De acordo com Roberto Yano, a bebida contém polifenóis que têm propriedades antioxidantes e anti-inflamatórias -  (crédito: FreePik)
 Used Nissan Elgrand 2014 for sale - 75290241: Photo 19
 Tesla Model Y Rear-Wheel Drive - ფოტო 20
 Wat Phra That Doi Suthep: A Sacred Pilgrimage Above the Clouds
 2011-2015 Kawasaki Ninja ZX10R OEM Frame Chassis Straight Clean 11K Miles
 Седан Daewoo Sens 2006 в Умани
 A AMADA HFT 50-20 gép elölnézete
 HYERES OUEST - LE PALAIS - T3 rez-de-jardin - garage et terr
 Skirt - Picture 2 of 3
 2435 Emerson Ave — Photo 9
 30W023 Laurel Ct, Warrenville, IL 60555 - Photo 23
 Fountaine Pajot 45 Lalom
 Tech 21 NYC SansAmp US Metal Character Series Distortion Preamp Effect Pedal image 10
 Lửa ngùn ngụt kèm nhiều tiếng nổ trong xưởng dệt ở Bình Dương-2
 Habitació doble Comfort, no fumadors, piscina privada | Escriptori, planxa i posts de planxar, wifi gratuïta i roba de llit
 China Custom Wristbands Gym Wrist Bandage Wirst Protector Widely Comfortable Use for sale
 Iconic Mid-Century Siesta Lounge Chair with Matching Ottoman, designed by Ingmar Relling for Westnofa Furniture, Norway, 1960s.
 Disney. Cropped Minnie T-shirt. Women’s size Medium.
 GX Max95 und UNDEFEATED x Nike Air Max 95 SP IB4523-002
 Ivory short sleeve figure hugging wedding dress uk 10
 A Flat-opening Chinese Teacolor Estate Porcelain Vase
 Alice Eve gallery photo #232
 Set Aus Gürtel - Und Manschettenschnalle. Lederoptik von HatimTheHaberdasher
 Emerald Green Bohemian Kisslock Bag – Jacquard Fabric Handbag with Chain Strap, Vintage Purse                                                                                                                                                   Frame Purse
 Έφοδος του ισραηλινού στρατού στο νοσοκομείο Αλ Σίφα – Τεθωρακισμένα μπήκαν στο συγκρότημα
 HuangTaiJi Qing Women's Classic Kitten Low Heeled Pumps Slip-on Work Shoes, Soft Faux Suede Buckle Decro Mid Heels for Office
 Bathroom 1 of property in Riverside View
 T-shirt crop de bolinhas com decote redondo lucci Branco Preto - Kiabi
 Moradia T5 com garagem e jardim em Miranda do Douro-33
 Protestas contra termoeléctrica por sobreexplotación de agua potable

------------------------------------------------------------------------

◆ Activity: Set down the lines above exactly as written. Begin at the line containing "Emerald Green Bohemian" and stop after the last line.

◆ Response:
 Emerald Green Bohemian Kisslock Bag – Jacquard Fabric Handbag with Chain Strap, Vintage Purse                                                                                                                                                   Frame Purse
 Έφοδος του ισραηλινού στρατού στο νοσοκομείο Αλ Σίφα – Τεθωρακισμένα μπήκαν στο συγκρότημα
 HuangTaiJi Qing Women's Classic Kitten Low Heeled Pumps Slip-on Work Shoes, Soft Faux Suede Buckle Decro Mid Heels for Office
 Bathroom 1 of property in Riverside View
 T-shirt crop de bolinhas com decote redondo lucci Branco Preto - Kiabi
 Moradia T5 com garagem e jardim em Miranda do Douro-33
 Protestas contra termoeléctrica por sobreexplotación de agua potable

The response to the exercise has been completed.